----- Material shown -----

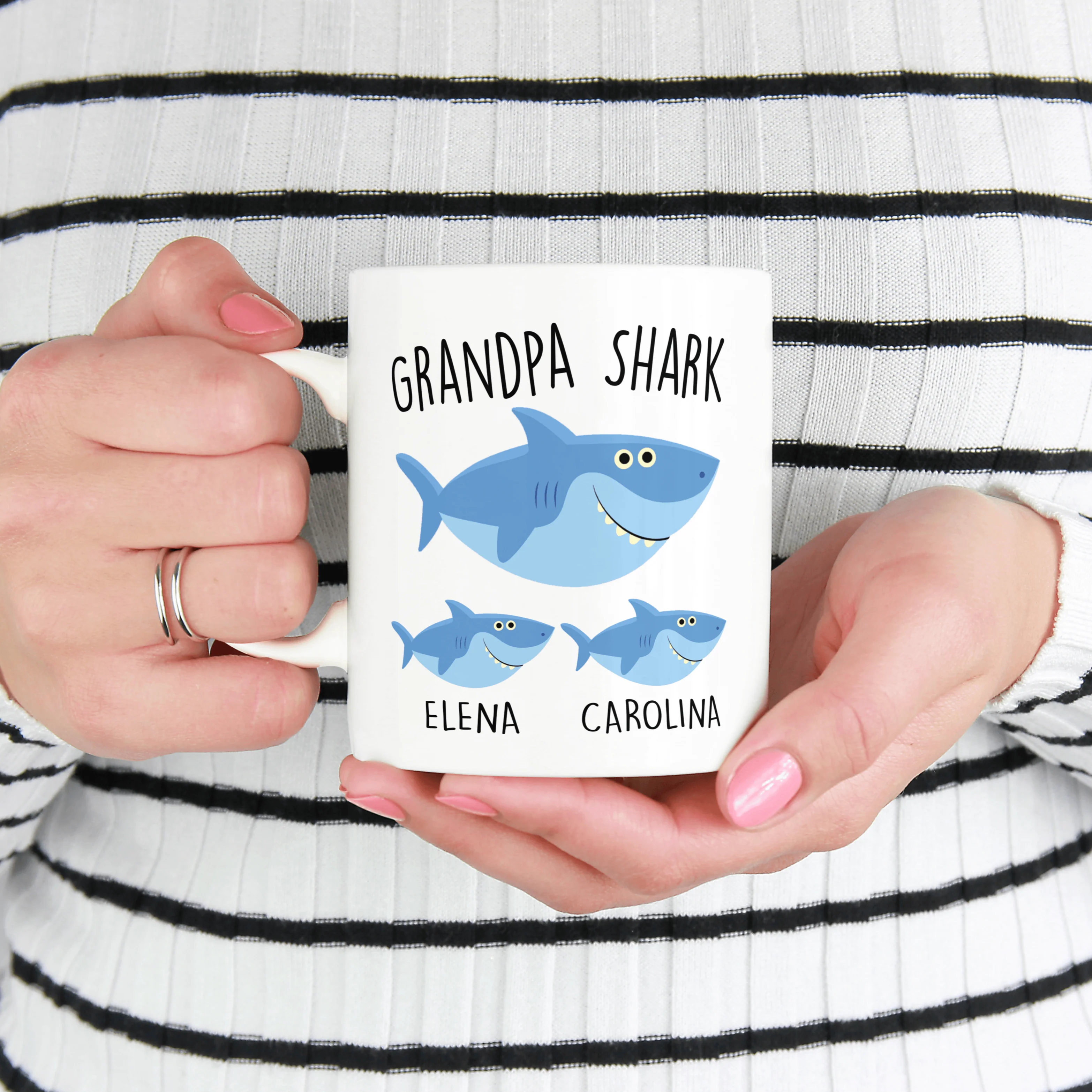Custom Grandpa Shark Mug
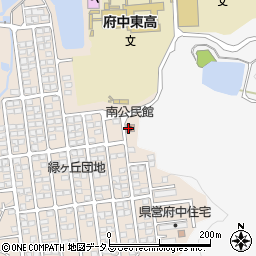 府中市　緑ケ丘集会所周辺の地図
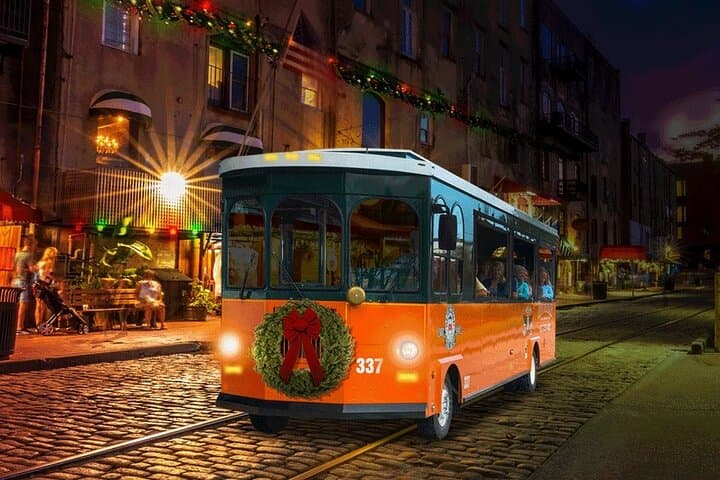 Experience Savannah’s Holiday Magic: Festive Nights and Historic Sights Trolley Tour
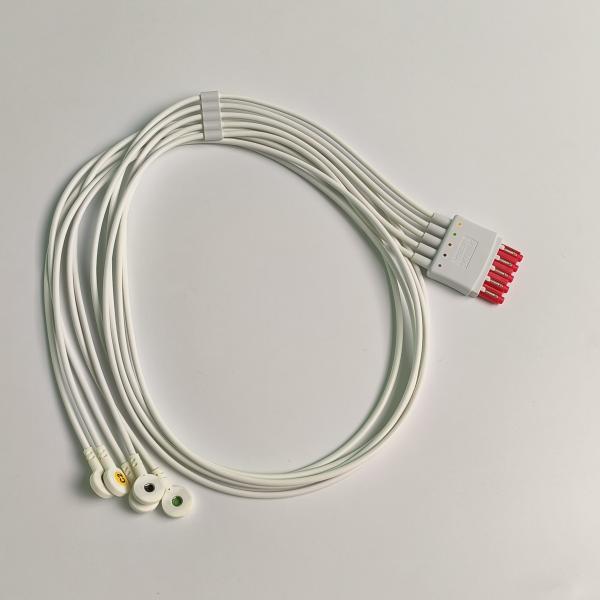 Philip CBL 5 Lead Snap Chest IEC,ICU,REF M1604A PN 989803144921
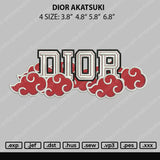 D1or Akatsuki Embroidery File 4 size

-----

• **About this exercise**:
Every record above needs to be repeated exactly; pictures are to be left out.

• **Result**:
Custom Grandpa Shark Mug
 府中市　緑ケ丘集会所周辺の地図
 Experience Savannah’s Holiday Magic: Festive Nights and Historic Sights Trolley Tour
 Philip CBL 5 Lead Snap Chest IEC,ICU,REF M1604A PN 989803144921
 D1or Akatsuki Embroidery File 4 size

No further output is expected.